What about our friends and family back home?

Do we have contact with them?
Are we involved in their lifes?
Of course we do!
Of course we are!

What happens though when you travel thousands of miles away from them? You grow, in different directions. That’s for sure! We are indeed the sum of our closest friends of whom we spend the most time with. And when we don’t, we become someone else.

We still share the love for each other! The thing is that because of our instinctive need to feel unity we usually cling to people and friends around us. And when growing up you usually go from an average of a lot of different friends in one circle to a 150 in total. The human mind isnt capable of coping with more than about 150 connections in total. Counting that close-circle friends and family and then other friends and relatives who doesnt quite take up as much of your thoughts and then of course the friends of friends and such. According to Dunbar himself the 150 people around you is “the number of people you would not feel embarrassed about joining uninvited for a drink if you happened to bump into them in a bar”. We are only capable of processing a certain number of connections and drama news among your friends. (Most of this is related to Dunbar’s number and likewise research). And because you want to remember what they are going through, right?

What if we need new influences? New people around us.
Is that possible? I would say No. It’s not possible to carry one more apple if you’re already carrying the maximum capacity. You need to let go.

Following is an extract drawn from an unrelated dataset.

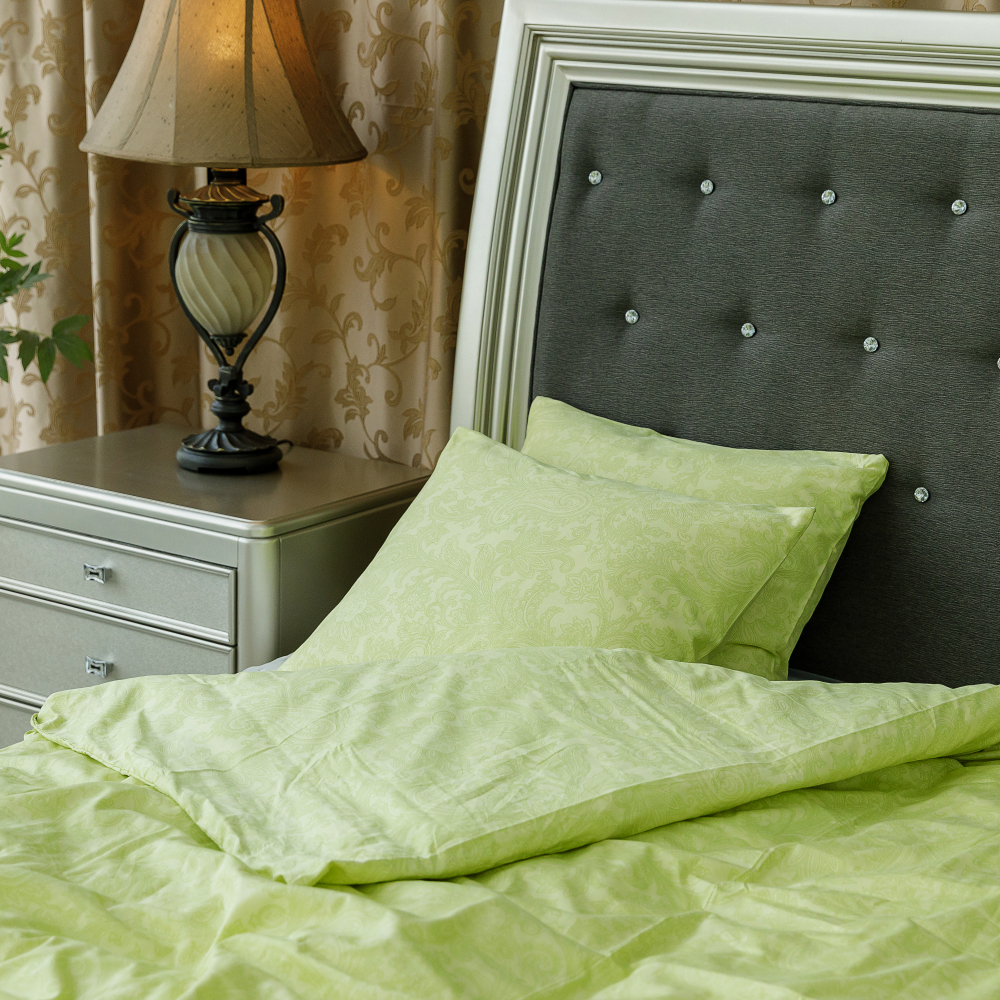 Premium satin påslakanset „Flora“. Satin påslakan, 140x200 cm, 160x200 cm, 200x200 cm Premium satin påslakanset „Flora“. Satin påslakan, 140x200 cm, 160x200 cm, 200x200 cm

You don’t through the apple away but put it down gently because otherwise you cannot embrace/carry new ones. This has without doubt been the hardest part of this journey.
Realising that we have to let go.

They are still there and we love to see their development.

However, for the moment we have to put our focus on new opinions/values/behaviour to see what encourages our dreams the most. And in a way, this strengthens relationships even more than staying. It’s a question of trust though. Trusting the relationship and mutual affection.